No family in colonial Virginia was more prominent or more powerful than the Randolphs. "You must be prepared to hear the name Randolph frequently," wrote a French traveler to Virginia in the 1780s, the marquis de Chastellux, who recognized the Randolphs as "one of the most numerous and wealthiest" of the "first families" of the colony. When writing Moby Dick in 1851, Herman Melville cited the Randolphs as the quintessential "old established family in the land," the ultimate contrast to those families whose sons were forced into the perilous profession of whaling.
The dynasty was founded by William Randolph I, who in 1680 established a seat below the falls of the James River. Generations of his heirs developed neighboring plantations, eleven major ones in all. As owners of tens of thousands of acres of land worked by hundreds of enslaved people, and serving as well as merchants and shipowners, the Randolphs—unified like a modern business conglomerate—affected the economic affairs of the colony. They also influenced the administration of government. Among the Randolph politicians were some of the most accomplished lawyers in the region.

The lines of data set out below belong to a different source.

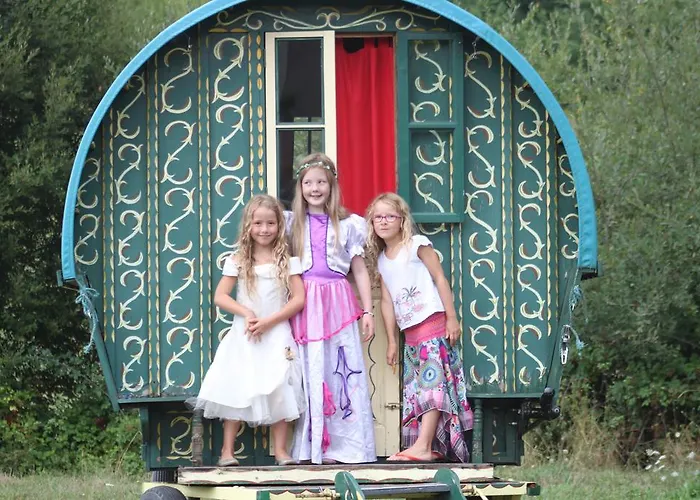 La Roulotte De La Maison Du Bonheur Anlhiac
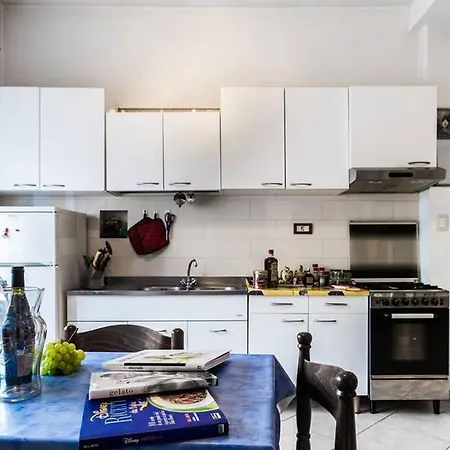 Holiday And Jubilee House Guest house 3*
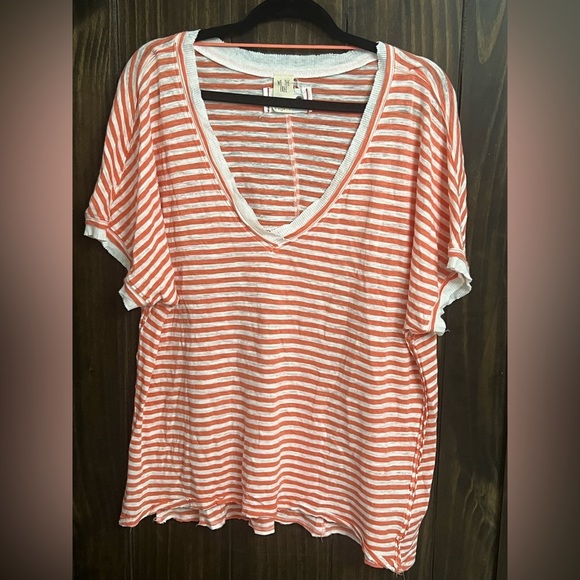 Small- WE THE FREE Linen-blend Coral Striped Oversized Raw Trim T-Shirt - Picture 5 of 10
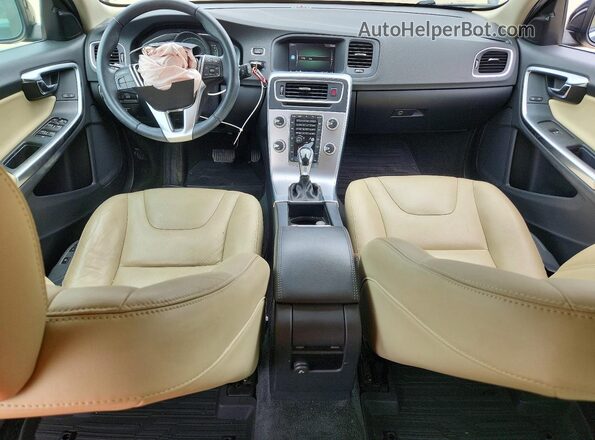YV140MEK3H1364139 2017 VOLVO V60 Синий Вид панели приборов
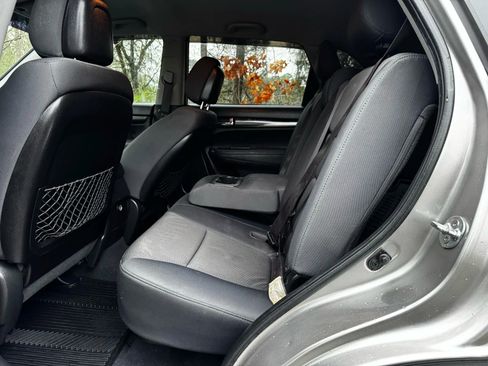 Used 2012 Kia Sorento LX w/ Convenience Pkg image 14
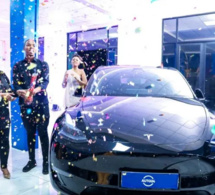 Le Rwanda accueille les véhicules électriques Tesla grâce à AUTO24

Art patronage by the family increased with its third generation, because of both inherited wealth and the availability in the 1750s of a highly talented portraitist. Randolph brothers and sisters awarded the artist John Wollaston multiple commissions. William Randolph III of Wilton ordered ten paintings. The inspiration for the Wilton collection and for the house itself was drawn from the spectacular gallery and mansion at nearby Westover.